Les sommes qu’ils offrent aux joueurs pour signer des contrats à long terme avec LIV sont inédites dans ce sport pourtant réputé à brasser des sommes considérables. Phil Mickelson et Dustin Johnson auraient reçu plus de cent millions de dollars chacun. Jusqu’à présent, la plupart des joueurs les mieux classés ont repoussé les supplications saoudiennes et sont restés avec le P.G.A. Tour. Les loyalistes comprennent Rory McIlroy, Justin Thomas, Jordan Spieth et Scottie Scheffler. Beaucoup de transfuges sont des joueurs plus âgés qui semblent considérer LIV comme un régime de retraite lucratif. Mais LIV n’a pas dit son dernier mot. Le mois dernier, ils ont recruté trois jeunes stars américaines : Bryson DeChambeau, Patrick Reed et Brooks Koepka. Et d’autres pourraient aussi sauter le pas.
Comme le G.O.P. que Trump a conquis, le P.G.A. Tour et son homologue européen, le D.P. World Tour, semblent mal préparés à faire face à une attaque d’hommes sans foi ni loi, surtout lorsqu’ils ont accès à un chéquier saoudien. Le mois dernier, le P.G.A. Tour a annoncé qu’il interdirait aux joueurs ayant participé aux événements LIV de tout événement qu’il organise, y compris la Coupe FedEx de fin de saison, mais il n’est pas clair si cette décision résistera à un examen juridique. Norman a qualifié l’interdiction d’« anticoncurrentielle », et le P.G.A. Tour a confirmé que le ministère de la Justice enquêtait sur elle pour de possibles violations antitrust.
Le P.G.A. Tour a également pris des mesures pour augmenter les prix. Mais Jay Monahan, le commissaire du P.G.A. Tour, a publiquement admis que son organisation ne peut pas rivaliser avec LIV Golf en termes financiers, pas plus que d’autres circuits à travers le monde.
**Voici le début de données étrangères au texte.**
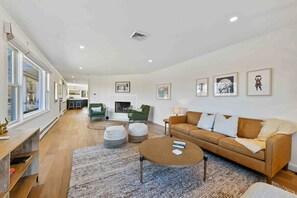 Comfortable living room with wood burning fireplace and plenty of space to kickback and relax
Lorsque Smith a réalisé un score de 64 dimanche pour arracher le British Open à McIlroy, il a reçu un premier prix de 2,5 millions de dollars. Un peu plus tôt ce mois-ci, lorsque le Sud-Africain Branden Grace a remporté un événement LIV sans nomà Portland, le premier organisé sur le sol américain, il a remporté un premier prix de quatre millions de dollars, plus trois cent soixante-quinze mille dollars en tant que membre d’une équipe qui a terminé deuxième.
La tenue de ce tournoi à Bedminster a suscité des protestations des familles du 11/9. Phil Mickelson et Dustin Johnson les familles de certaines victimes du 11/9 ont envoyé une lettre à Donald Trump au sujet de sa décision d’organiser un tournoi de golf professionnel parrainé par le gouvernement saoudien la semaine prochaine sur son terrain de golf à Bedminster, dans le New Jersey. « Il est incompréhensible pour nous qu’un ancien président des États-Unis sacrifie le souvenir de nos proches pour un gain financier personnel » écrivaient-ils. « Nous espérons que vous reconsidérerez votre relation d’affaires avec la ligue de golf saoudienne et que vous accepterez de nous rencontrer. »
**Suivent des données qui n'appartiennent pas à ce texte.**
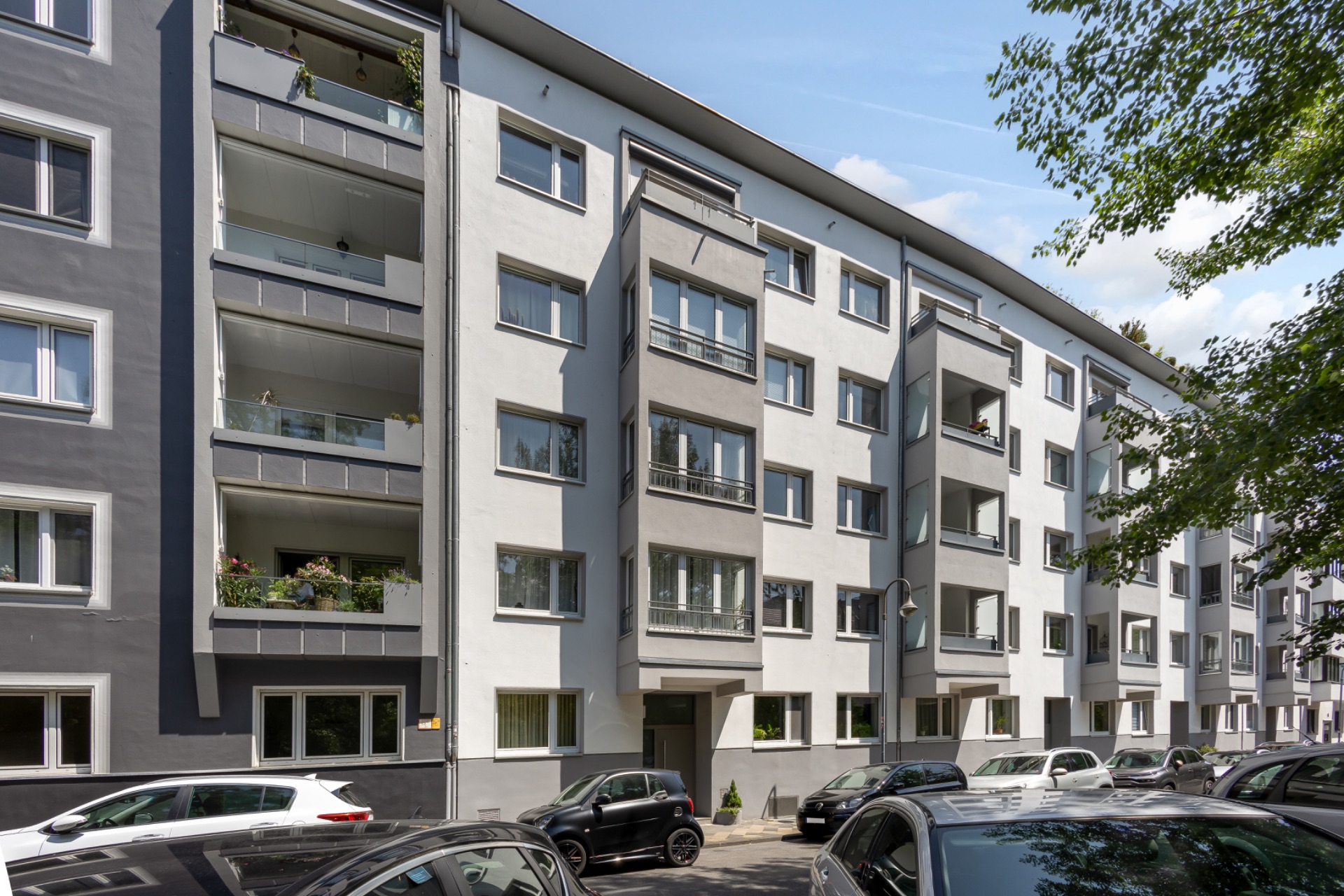 Mehrfamilienhaus mit Balkonen und parkenden Autos davor an einer Straße.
Le groupe de familles, qui s’appelle 9/11 Justice, intente depuis des années un procès qui prétend que le gouvernement saoudien était complice des attaques terroristes contre le World Trade Center et le Pentagone. Donald Trump a répondu par une fin de non-recevoir. Par ailleurs, il a publié un court message sur le fil de son réseau social expliquant (menaçant) aux joueurs qu’ils feraient bien de considérer les offres qui leur sont faites maintenant et de prendre l’argent… avant qu’il ne soit trop tard.
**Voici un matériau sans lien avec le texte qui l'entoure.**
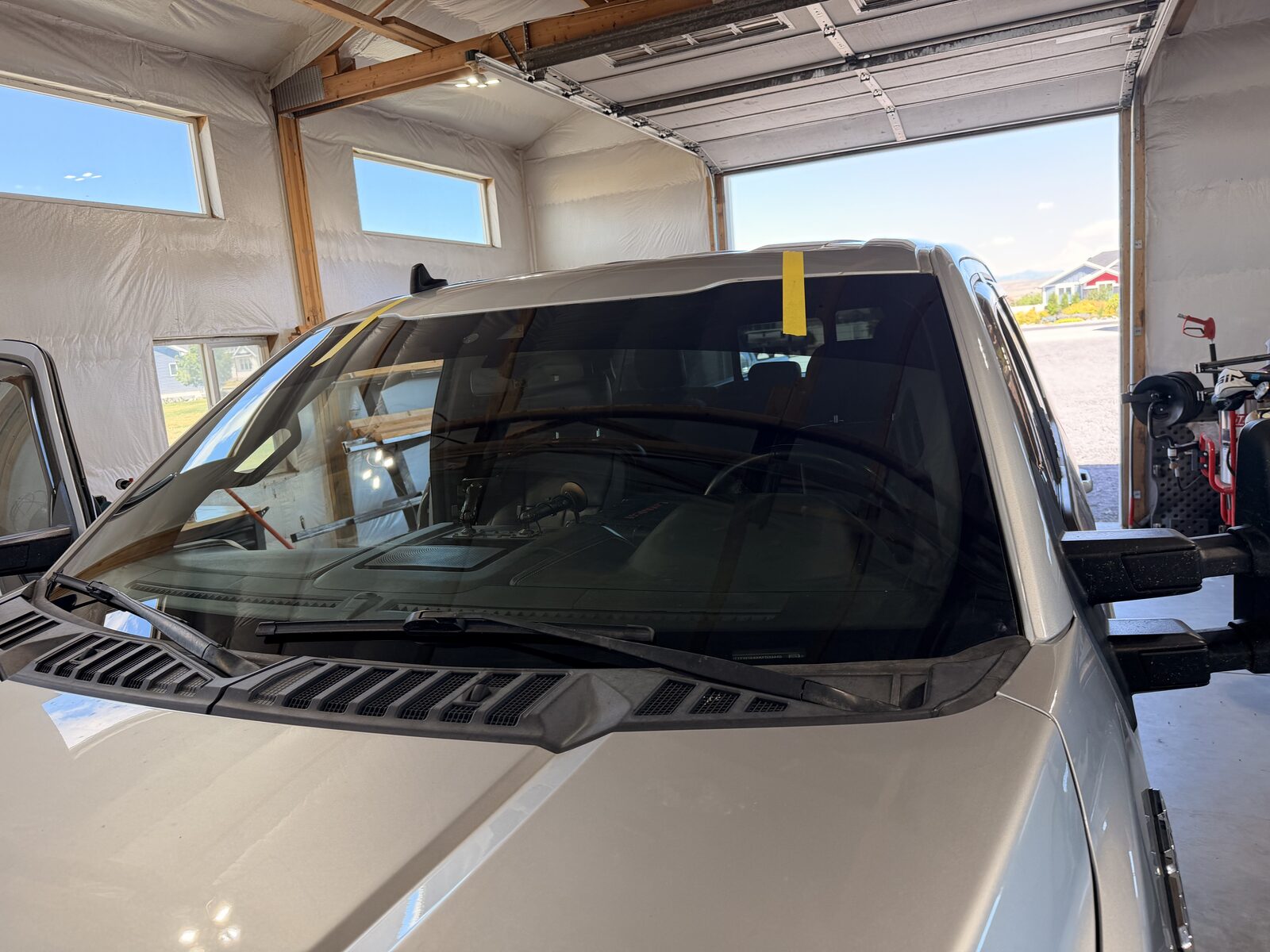Full windshield replacement on a late-model truck, finished in the shop bay.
Bref, quel que soit le domaine dans lequel intervient l’ancien président, les méthodes employées se rapprochent plus de la mafia que de celles d’un homme d’affaire. Et même lorsqu’il joue au golf, c’est-à-dire très souvent, il ne peut s’empêcher de tricher. C’est ce qu’explique Rick Reilly dans son livre “Commander Cheat How Golf Explains Trump”.